Zwar gibt es auch Unterstützer der an der Parteibasis aufgekommenen Idee eines verpflichtenden Dienstes junger Leute in Bundeswehr oder zivilen Einrichtungen zum Nutzen der Allgemeinheit - zahlreiche Politiker und Experten zweifeln aber an der verfassungsrechtlichen Zulässigkeit.

Sachsens Ministerpräsident Michael Kretschmer (CDU) äußerte sich wohlwollender und regte eine Volksbefragung dazu an. "Eine Dienstpflicht kann dazu beitragen, sowohl die Herausforderungen im Sozialen als auch bei der Verteidigung unseres Landes besser zu bewältigen", sagte er der "Bild"-Zeitung.

Der CDU-Bundestagsabgeordnete Roderich Kiesewetter mahnt jedoch zur Vorsicht.
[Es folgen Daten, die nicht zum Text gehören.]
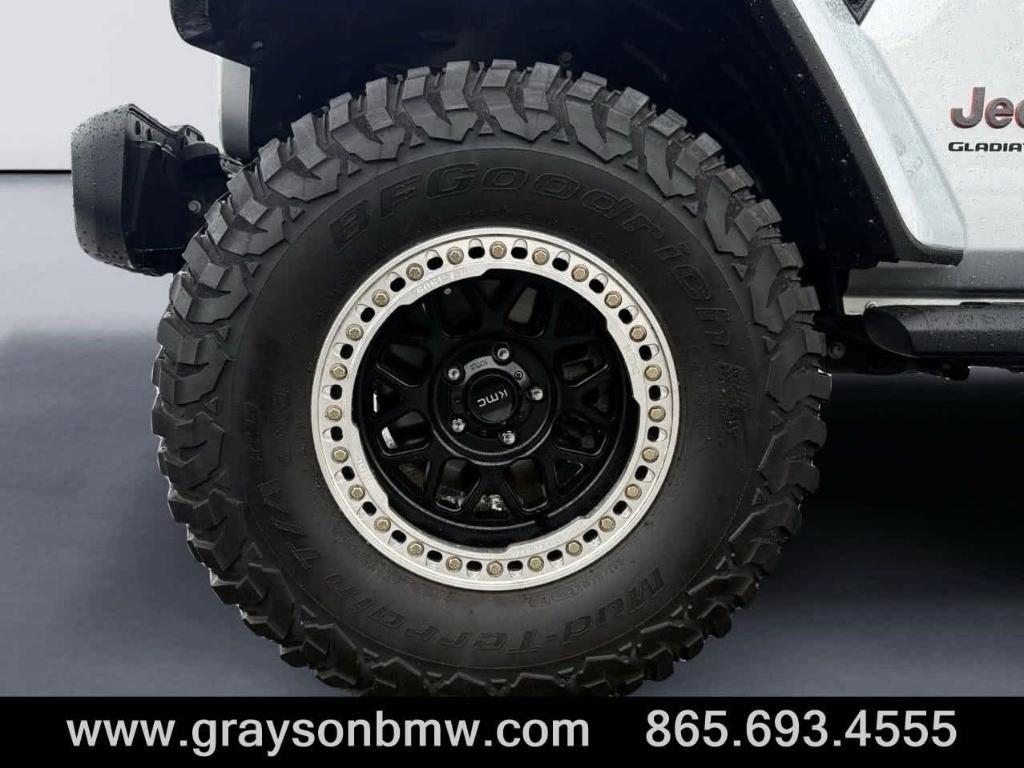 used 2023 Jeep Gladiator car, priced at $44,157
Ein verpflichtender Gesellschaftsdienst dürfe "weder Arbeitsplätze ersetzen noch stumpfer Selbstzweck sein", gab er in "Stuttgarter Zeitung" und "Stuttgarter Nachrichten" (Montag) zu bedenken.
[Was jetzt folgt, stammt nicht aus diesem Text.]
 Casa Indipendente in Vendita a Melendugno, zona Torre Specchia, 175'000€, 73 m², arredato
Zu Guttenberg warnt vor "exorbitanten Kosten"

Der frühere Verteidigungsminister Karl-Theodor zu Guttenberg (CSU), der einst die Abschaffung der Wehrpflicht initiiert hatte, hält eine Grundgesetzänderung für nötig und warnt vor "exorbitanten Kosten". "Die notwendigen Finanzmittel für bis zu 700.000 junge Menschen pro Jahr würden erhebliche Einschnitte in anderen Bereichen nach sich ziehen. Nicht zuletzt bei der Ausrüstung der Bundeswehr."

Der verteidigungspolitische Sprecher der SPD-Bundestagsfraktion, Fritz Felgentreu, sieht erhebliche rechtliche Schwierigkeiten. "Zwangsdienste sind nach europäischem Recht menschenrechtswidrig", sagte er der "Welt". Ob eine rechtskonforme Umsetzung möglich wäre, sei "völlig offen". Er beobachtet allerdings Sympathien für die Idee "in fast allen politischen Lagern". Dabei gehe es jedoch "weniger um das Stopfen von Personallücken als um Fragen des staatsbürgerlichen Bewusstseins und des gesellschaftlichen Zusammenhalts".
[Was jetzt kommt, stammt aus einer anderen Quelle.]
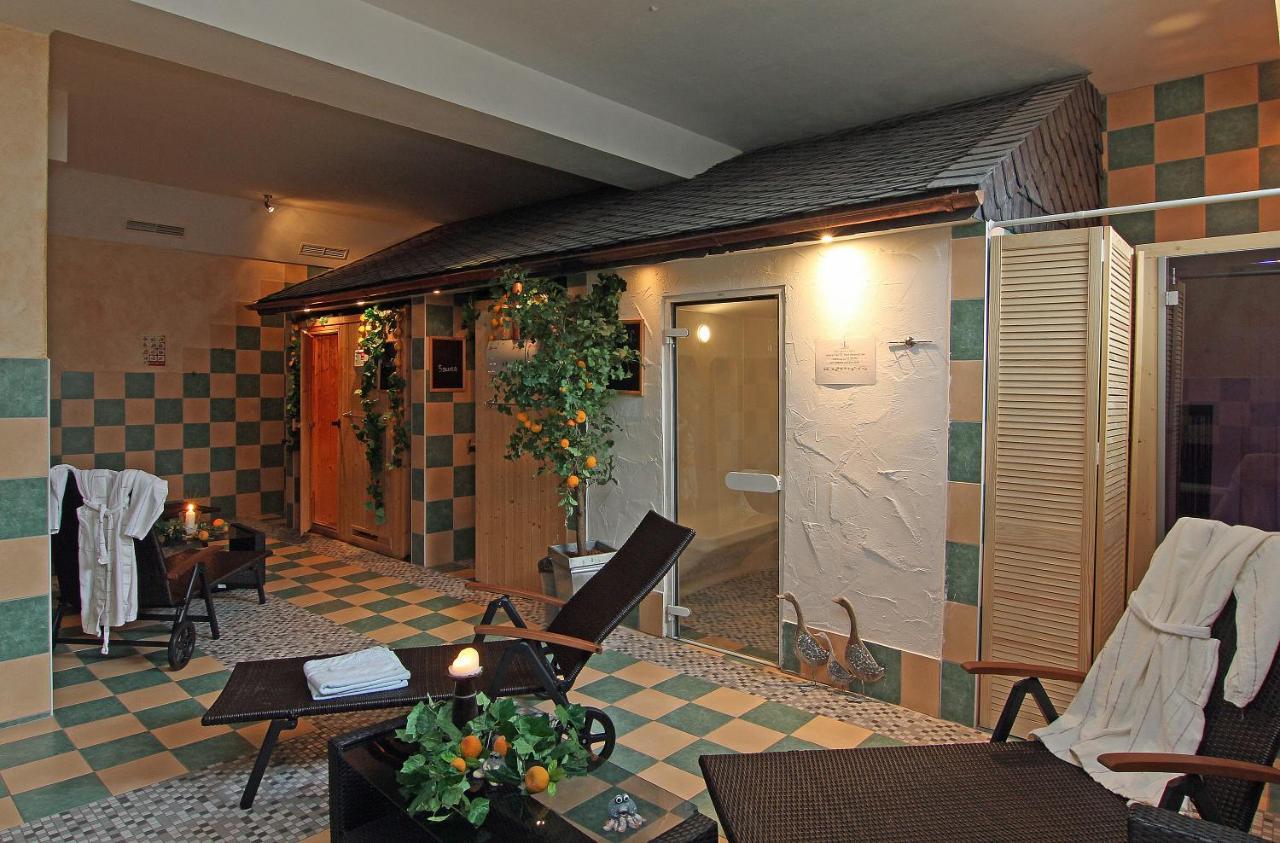Hotel Lahnblick Bad Laasphe Exterior photo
Auch in der FDP gibt es Befürworter. Im Gegensatz zu Parteichef Christian Lindner, der eine Dienstpflicht strikt abgelehnt hat, sagte Bremens FDP-Fraktionschefin Lencke Steiner der "Bild"-Zeitung: "Ich bin persönlich für ein verpflichtendes Jahr, egal ob Wehrpflicht oder soziales Jahr. Es ist wichtig, früh Verantwortung zu übernehmen und zu lernen für andere einzustehen."

Die Diskussion war aufgekommen, nachdem die CDU-Generalsekretärin Annegret Kramp-Karrenbauer aus Gesprächsrunden mit der Parteibasis das Bedauern über das Ende der Wehrpflicht und den Wunsch nach einer ersatzweisen Dienstpflicht mitgebracht hatte. Eine Rückkehr zur reinen Wehrpflicht wie vor 2011 wird in den Parteien allerdings von kaum jemandem außer der AfD ernsthaft befürwortet: Zu ungeeignet erscheint sie für die Bedürfnisse einer modernen Armee.

Kramp-Karrenbauer will nun die Frage eines allgemeinen Dienstes, der gleichermaßen für Männer und Frauen offen steht, in die Diskussion für das neue CDU-Grundsatzprogramm einbringen. Dabei wäre auch zu erörtern, ob es einer Pflicht bedarf oder stärkerer Anreize für freiwillige Dienste.

Wer zur Bundeswehr will, kann sich auch bisher schon für bis zu 23 Monate verpflichten. Zudem war nach Aussetzung der Wehrpflicht und damit auch des alternativen Zivildienstes der Bundesfreiwilligendienst geschaffen worden, mit Stellen im sozialen, ökologischen und sonstigen gesellschaftlichen Bereich sowie im Zivil- und Katastrophenschutz. Nach Angaben des Hauptgeschäftsführers des Deutschen Paritätischen Wohlfahrtsverbands, Ulrich Schneider, sind derzeit 39.000 Freiwillige im Einsatz.

Auch er hält eine allgemeine Dienstpflicht für rechtlich fragwürdig. Statt solche "Gespensterdebatten" zu führen, müsse der Bundesfreiwilligendienst attraktiver gemacht werden, verlangte er in der "Rheinischen Post" (Montag). Es brauche eine Erhöhung des Taschengelds von derzeit 300 Euro pro Monat, Entlastungen bei Nahverkehrstickets und mehr Teilzeitangebote. "Wenn wir die nötige Finanzierung gesichert bekämen, könnten wir auch mehr junge Menschen beschäftigen."